Your method of using the rotations to store data is pretty ingenious! But I'm just wondering why that data couldn't just be stored in the object's name? It would seem like that would also help decrease the # of prims.

You can only sense whole names, it's not possible to sense partial names. Because of that, I store specific object "states" in names not variable data. The names are coded to mean something specific at any given time. eg a flower which is ready to seed and waiting for pollen from another flower changes its state from phantom to solid, changes its name to "fertile flower". One of the names bees look for is "fertile flower", the bee can then locate the flowers and use the collission event to pass its key id for an email.
( in fact you 'could' bypass the collission altogether and use a sensor to tell how far you are from the plant in this case, but I considered that over using the sensor function, and the collision happens automatically when the bee arrives successfully at its target! )

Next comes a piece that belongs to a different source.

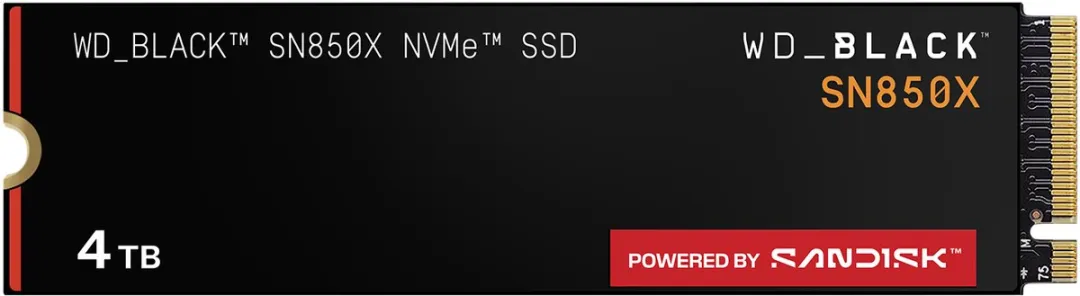 Western Digital Black SN850X WDS400T2X0E SSD - 4TB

Using a rotation to store percentages or other values allows you to get at them in 2 fast moves... sense for pre-known name ... get rotation in the sensor event. The limitation here is to remember a quaternion could be normalized and scale your values accordingly. I find using the DEG_TO_RAD and RAD_TO_DEG multipliers a useful tool for storing percentage values in a rotation.

email delay is about 20 seconds i think.

a good tip for collisions is to know that the events can be called in rapid succession for the same objects. It's a good idea to store the key of the last thing you dealt with in the collision_start or collision event and to ignore it if another start event happens too soon or before a collision_end.